Setelah beberapa saat menggelepar dan meregang menikmati orgasmenya, Surti berhasil menguasai diri, lalu mendesah dengan suara letih, “Aduuh.., gila kamu, Yang.., bikin aku ketagihan”
Bari tertawa kecil sambil menggigit dagu istrinya tercinta, “Ini mau protes atau mau bilang terima kasih?”, tanyanya.
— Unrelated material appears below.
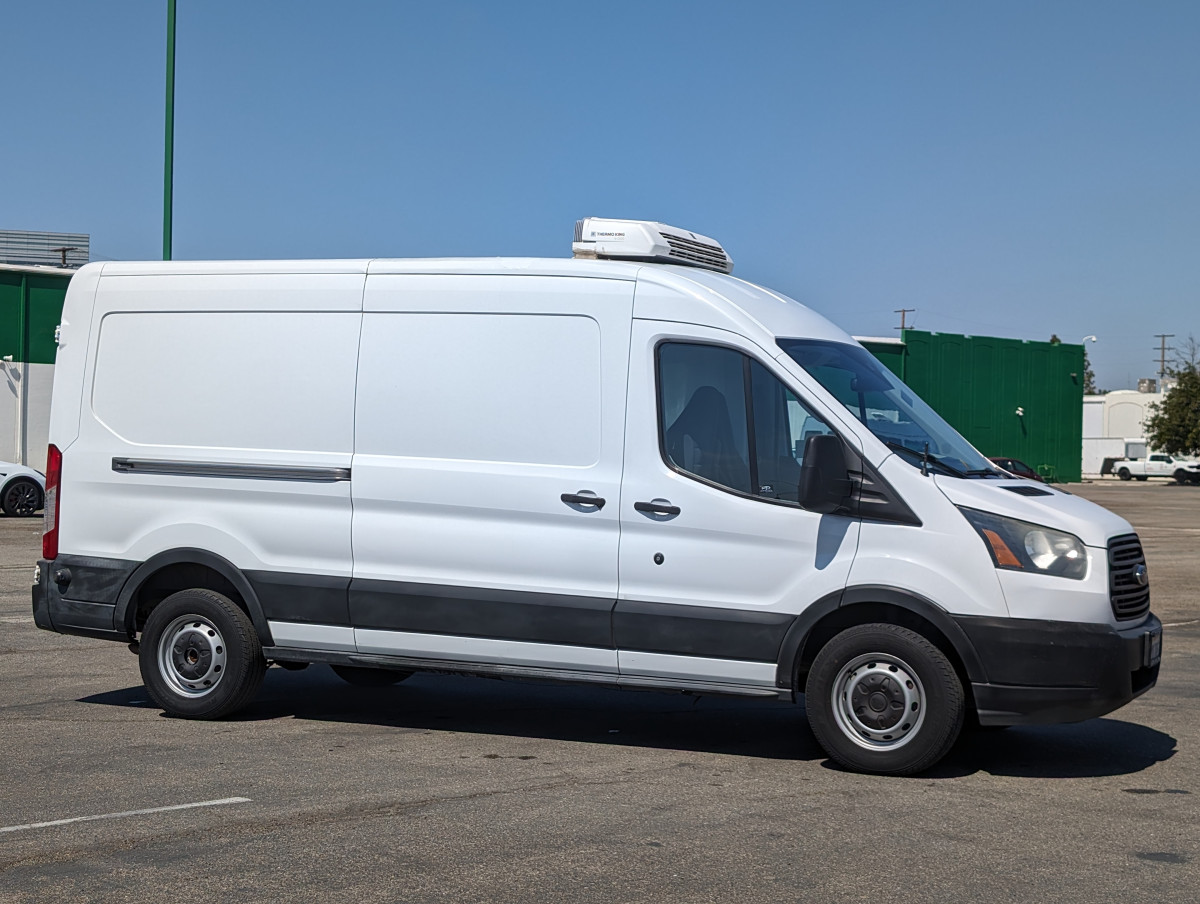 Used 2017 Ford Transit 250 - photo 1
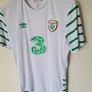 2016/17 umbro ireland away shirt Size xl Pit to pit 23" white In excellent condition Image 4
Surti tak menjawab, melainkan meraih leher suaminya, menciumi mulut pria yang sangat dicintainya itu. Mereka saling mengulum dan menggigit gemas. Surti menumpahkan seluruh perasaannya lewat ciuman itu. Ia ingin berterima kasih.., ia ingin memuji.., ia ingin memuja.., ia ingin menyatakan cinta. Tak ada pria lain yang ia cintai seperti pria yang satu ini. Pria ini membuatnya lebih hidup dari sekedar hidup, lebih bernafas daripada sekedar bernafas. Pria ini mengisi dunianya dengan gairah baru setiap hari.
Lalu, di tengah ciuman yang bergelora itu, mereka mulai bergerak lagi. Bari mulai menggenjot lagi, mulai memicu kembali gairah Surti yang belum sepenuhnya reda. Tak berapa lama kemudian mereka sudah tak sanggup lagi berkata-kata. Nafas keduanya memburu dan saling bersusulan, disertai erangan dan desahan yang tidak beraturan. Kursi panjang semakin bergeser dari kedudukannya semula. Bantal-bantal berserakan tertendang atau terdorong oleh gerakan-gerakan mereka yang semakin liar. Keringat mulai membanjiri tubuh mereka, membuat kemeja Bari basah kuyup di bagian punggung. Tubuh bagian bawah, terutama dari pinggang ke bawah, tampak paling basah, berkilat-kilat seperti dilapisi lilin dan minyak.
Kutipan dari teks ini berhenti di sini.